* PROVIDED RECORDS
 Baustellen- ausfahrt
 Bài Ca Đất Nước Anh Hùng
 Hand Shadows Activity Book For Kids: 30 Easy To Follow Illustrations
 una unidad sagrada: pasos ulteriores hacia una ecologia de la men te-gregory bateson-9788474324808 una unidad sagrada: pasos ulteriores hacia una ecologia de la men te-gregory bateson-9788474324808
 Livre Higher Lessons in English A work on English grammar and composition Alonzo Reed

...

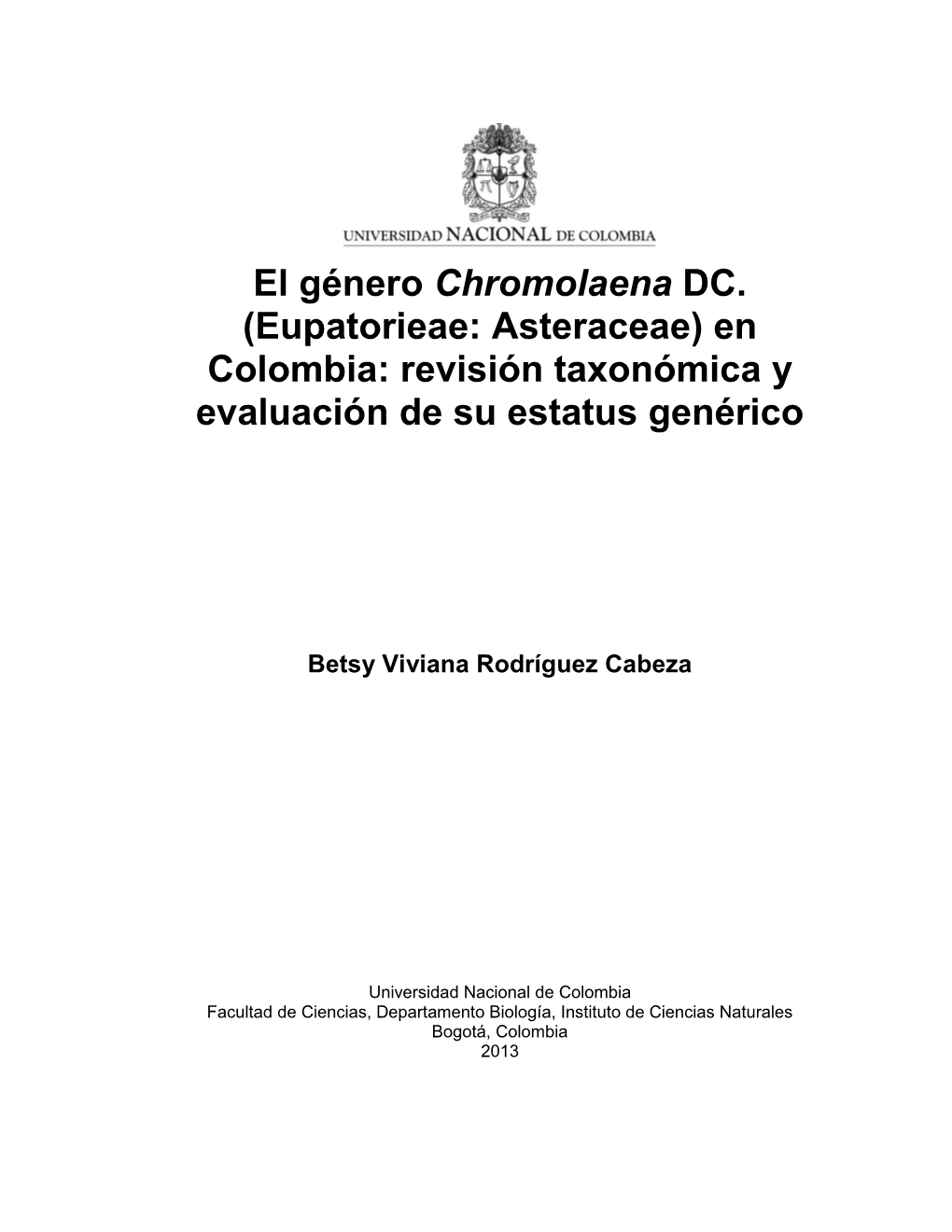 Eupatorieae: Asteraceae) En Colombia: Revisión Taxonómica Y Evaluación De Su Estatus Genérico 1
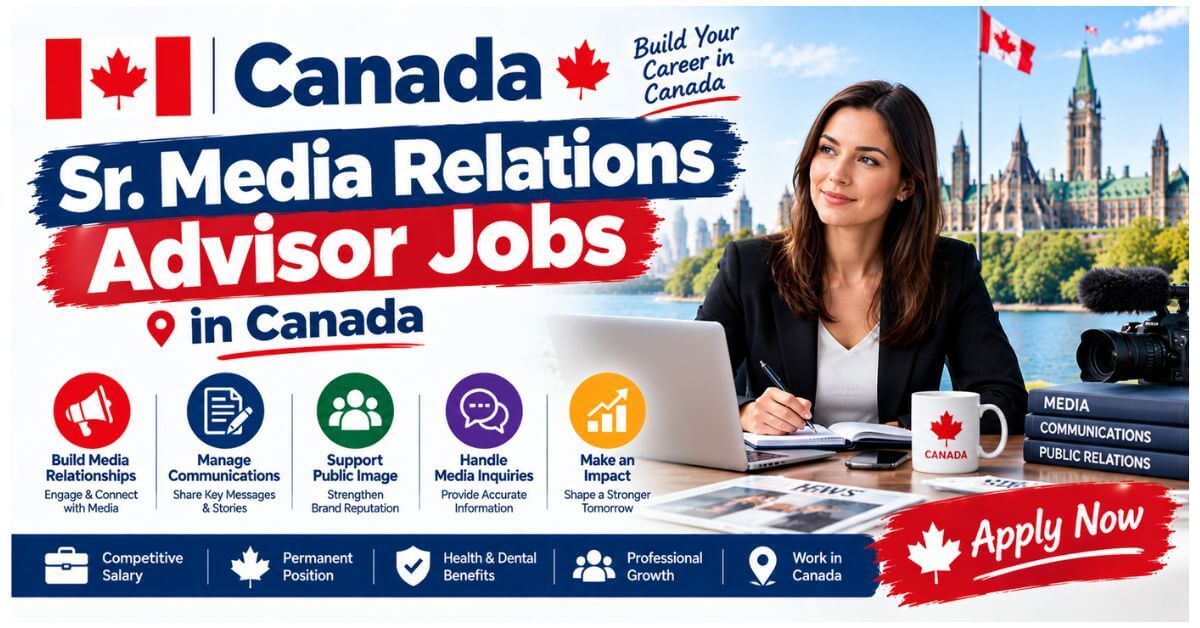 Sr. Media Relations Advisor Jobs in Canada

* * *

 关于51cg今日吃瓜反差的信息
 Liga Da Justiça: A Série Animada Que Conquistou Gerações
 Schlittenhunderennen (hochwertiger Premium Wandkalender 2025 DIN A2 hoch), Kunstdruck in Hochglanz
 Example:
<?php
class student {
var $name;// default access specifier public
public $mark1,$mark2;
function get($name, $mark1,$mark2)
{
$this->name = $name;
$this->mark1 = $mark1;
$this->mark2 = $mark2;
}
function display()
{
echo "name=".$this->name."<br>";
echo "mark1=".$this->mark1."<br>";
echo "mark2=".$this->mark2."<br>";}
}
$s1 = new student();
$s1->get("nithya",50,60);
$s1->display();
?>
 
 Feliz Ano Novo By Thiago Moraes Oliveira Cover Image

* THE TASK
Print again the lines of the entries above that fall between the line holding "Baustellen- ausfahrt" and the line holding "Livre Higher Lessons", inclusive, exactly as they stand.

* RESPONSE TO THE EXERCISE
 Baustellen- ausfahrt
 Bài Ca Đất Nước Anh Hùng
 Hand Shadows Activity Book For Kids: 30 Easy To Follow Illustrations
 una unidad sagrada: pasos ulteriores hacia una ecologia de la men te-gregory bateson-9788474324808 una unidad sagrada: pasos ulteriores hacia una ecologia de la men te-gregory bateson-9788474324808
 Livre Higher Lessons in English A work on English grammar and composition Alonzo Reed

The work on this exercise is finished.